Since being an outsider breeds resentment, you can imagine the pique simmering in me from a dozen-plus years living in, ahem, Red Sox Nation and its overlapping districts of Patriotstown, Celticsville and Bruinsburg. Oh, and Revolutionboro. (A mighty small place, Revolutionboro.)
I was nervous the first time crossing the border into the nation; nearly everyone else on the T had prepared by dressing in native garb — a dizzying array of jerseys, jackets, T-shirts, caps and so on labeled “B” for “Red Sox.” I knew that when we got to the station we’d have to queue up and pass inspection, and I wasn’t wearing a single article of clothing advertising my allegiance to a local sports team. My jitters were soothed, though, by an official announcement that, upon arrival, “Those who are not wearing Red Sox-branded clothing shall be issued Red Sox-branded clothing.”
Well, no. This is just in the imagination of someone utterly disinterested in the fortunes of Ye Olde Towne Teame, or whatever cutesy, nonsense nickname sportswriters use when they tire of writing “Red Sox.” Neither the hordes of drunken fans that clog the T nor the horrendous traffic that clogs the streets at game time cause me anywhere near as much irritation as the simple ubiquity of Red Sox clothing. It warrants the same bitter, resigned stare from me as the Abercrombie & Fitch folk get, a look I can put into words as: “Could you try just a little harder?” Sox apparel is the equivalent of the pro-family, anticrime politician, or the people who controversially assert themselves as being in favor of fun and liking stuff. But good stuff. Not bad stuff. This is branding of the most obligatory nature, a national ID card, and the sense of oppression suggested by that is no accident.
I wish I got it. It would make my life much easier, I suspect, if I could be one of the Sox crowd. Throw on the jersey, put on the cap, take out a bank loan, head to Fenway. And talk endlessly and knowledgeably about the game, the players, the trades, our chances, that Theo, those darn Yankees. Argh, those Yankees. They suck! They’re kind of like Hitler, aren’t they? Yes, especially when they buy up all our players with their damned Yankee money — they have too much of it, it’s disgusting — and confuse us by making sure the people we loved as one of us last season we vilify this season as turncoats.
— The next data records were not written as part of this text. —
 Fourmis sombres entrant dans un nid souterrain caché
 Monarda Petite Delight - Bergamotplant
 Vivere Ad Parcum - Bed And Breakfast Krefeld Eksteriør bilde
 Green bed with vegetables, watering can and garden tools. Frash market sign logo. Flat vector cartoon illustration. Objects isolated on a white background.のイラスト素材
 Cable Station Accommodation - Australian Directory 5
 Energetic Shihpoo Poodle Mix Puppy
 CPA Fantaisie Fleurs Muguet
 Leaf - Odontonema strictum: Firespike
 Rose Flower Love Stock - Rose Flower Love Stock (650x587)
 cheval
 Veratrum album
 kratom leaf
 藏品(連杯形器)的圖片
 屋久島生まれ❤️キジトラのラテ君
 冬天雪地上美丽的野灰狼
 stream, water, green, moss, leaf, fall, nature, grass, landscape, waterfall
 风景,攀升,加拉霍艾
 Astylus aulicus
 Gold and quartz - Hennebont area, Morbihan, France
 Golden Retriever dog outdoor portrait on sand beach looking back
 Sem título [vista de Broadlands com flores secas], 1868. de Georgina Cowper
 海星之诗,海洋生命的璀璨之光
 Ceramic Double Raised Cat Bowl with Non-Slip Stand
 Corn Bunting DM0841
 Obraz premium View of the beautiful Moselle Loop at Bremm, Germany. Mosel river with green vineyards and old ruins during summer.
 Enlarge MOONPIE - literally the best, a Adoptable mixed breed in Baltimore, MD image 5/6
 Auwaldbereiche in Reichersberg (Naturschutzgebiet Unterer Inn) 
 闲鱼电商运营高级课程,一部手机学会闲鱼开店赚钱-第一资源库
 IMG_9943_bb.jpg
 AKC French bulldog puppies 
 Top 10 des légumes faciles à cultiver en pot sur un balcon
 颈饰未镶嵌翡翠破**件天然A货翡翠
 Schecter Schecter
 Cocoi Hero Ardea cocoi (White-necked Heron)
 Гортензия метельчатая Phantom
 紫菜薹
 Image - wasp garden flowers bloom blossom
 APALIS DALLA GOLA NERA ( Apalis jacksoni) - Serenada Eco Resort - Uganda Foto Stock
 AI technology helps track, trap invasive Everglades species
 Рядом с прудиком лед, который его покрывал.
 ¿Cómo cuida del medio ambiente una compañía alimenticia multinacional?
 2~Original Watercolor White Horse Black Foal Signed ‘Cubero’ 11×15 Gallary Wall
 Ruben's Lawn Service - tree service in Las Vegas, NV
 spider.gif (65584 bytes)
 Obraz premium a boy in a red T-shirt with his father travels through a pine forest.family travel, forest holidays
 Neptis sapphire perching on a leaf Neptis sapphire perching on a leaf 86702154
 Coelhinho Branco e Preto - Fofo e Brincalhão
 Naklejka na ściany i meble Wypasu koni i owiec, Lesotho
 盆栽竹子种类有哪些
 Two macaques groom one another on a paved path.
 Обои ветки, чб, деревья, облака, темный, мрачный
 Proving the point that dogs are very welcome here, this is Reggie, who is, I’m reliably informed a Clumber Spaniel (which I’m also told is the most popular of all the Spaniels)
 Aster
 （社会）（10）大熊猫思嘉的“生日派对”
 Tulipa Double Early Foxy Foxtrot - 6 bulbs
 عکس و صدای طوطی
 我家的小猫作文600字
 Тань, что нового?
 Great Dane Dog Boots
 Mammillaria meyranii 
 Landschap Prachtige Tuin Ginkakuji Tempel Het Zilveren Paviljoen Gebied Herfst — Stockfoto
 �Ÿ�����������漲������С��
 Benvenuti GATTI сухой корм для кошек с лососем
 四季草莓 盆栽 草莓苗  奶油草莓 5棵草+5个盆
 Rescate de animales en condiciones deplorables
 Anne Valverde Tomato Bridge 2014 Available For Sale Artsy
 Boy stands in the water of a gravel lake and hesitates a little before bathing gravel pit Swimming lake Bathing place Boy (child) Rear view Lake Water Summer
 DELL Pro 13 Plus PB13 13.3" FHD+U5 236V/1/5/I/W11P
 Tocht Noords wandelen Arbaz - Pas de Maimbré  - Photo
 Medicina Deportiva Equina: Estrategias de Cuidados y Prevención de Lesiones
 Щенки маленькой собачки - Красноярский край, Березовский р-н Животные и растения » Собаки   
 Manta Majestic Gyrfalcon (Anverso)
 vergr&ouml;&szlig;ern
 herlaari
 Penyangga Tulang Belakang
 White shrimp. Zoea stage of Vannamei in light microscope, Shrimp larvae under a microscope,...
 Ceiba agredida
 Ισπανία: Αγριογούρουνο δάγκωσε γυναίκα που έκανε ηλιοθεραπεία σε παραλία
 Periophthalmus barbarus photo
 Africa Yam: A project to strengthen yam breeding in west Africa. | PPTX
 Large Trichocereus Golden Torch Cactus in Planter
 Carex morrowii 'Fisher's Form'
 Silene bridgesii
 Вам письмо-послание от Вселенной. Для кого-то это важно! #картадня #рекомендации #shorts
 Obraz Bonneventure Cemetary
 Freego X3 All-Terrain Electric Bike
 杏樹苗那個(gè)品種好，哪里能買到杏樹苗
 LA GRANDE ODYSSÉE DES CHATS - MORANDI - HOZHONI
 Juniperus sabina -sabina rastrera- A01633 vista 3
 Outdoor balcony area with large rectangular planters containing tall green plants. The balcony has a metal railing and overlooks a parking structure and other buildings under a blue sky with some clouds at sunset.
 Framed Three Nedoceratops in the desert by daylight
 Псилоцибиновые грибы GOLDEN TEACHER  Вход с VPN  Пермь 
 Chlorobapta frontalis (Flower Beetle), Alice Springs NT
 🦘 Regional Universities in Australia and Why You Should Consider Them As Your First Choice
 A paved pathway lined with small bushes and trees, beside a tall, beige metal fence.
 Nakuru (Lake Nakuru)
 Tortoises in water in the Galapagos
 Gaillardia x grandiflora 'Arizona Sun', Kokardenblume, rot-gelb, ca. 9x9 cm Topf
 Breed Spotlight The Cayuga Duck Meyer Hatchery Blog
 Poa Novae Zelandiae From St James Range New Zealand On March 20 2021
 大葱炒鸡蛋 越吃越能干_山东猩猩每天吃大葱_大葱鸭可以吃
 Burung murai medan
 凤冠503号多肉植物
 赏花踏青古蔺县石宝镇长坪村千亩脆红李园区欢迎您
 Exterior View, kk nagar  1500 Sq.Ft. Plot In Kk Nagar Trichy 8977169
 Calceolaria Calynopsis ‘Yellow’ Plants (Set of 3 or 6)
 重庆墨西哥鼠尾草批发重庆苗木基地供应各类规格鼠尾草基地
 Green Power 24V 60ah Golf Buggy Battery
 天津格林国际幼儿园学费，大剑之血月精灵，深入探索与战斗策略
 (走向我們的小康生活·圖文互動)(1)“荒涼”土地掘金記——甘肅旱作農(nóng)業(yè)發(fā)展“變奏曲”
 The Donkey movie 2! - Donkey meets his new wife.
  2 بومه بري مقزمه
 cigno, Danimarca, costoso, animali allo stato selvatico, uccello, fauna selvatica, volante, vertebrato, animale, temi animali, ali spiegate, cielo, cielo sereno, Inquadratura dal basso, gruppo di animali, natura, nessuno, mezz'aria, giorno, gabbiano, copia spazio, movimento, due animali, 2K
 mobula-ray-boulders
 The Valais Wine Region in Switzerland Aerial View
I don’t get any of this, unfortunately.
The team’s success, or individual players’ genius on the field, reflects little upon Boston and not at all upon the individual fans who get so worked up contemplating one, the other or their opposite.
There are metaphorical aspects of the team to consider, I acknowledge, romantically casting us and the city as scrappy, lovable losers: the players are underdogs struggling against a curse, a storyline that had to be rewritten when the Sox actually won the World Series, and had to be revised again, in a Pynchonesque petering out of plot and structure, when it again lost; the team is also an embodiment of a city struggling to maintain its pride against a behemoth quietly buying up and shutting down its soul. As much as this should resonate, it’s hard to stay serious about it when the players earn millions a year and inevitably turn free agent, only for the narrative to be repeated the next year with different players.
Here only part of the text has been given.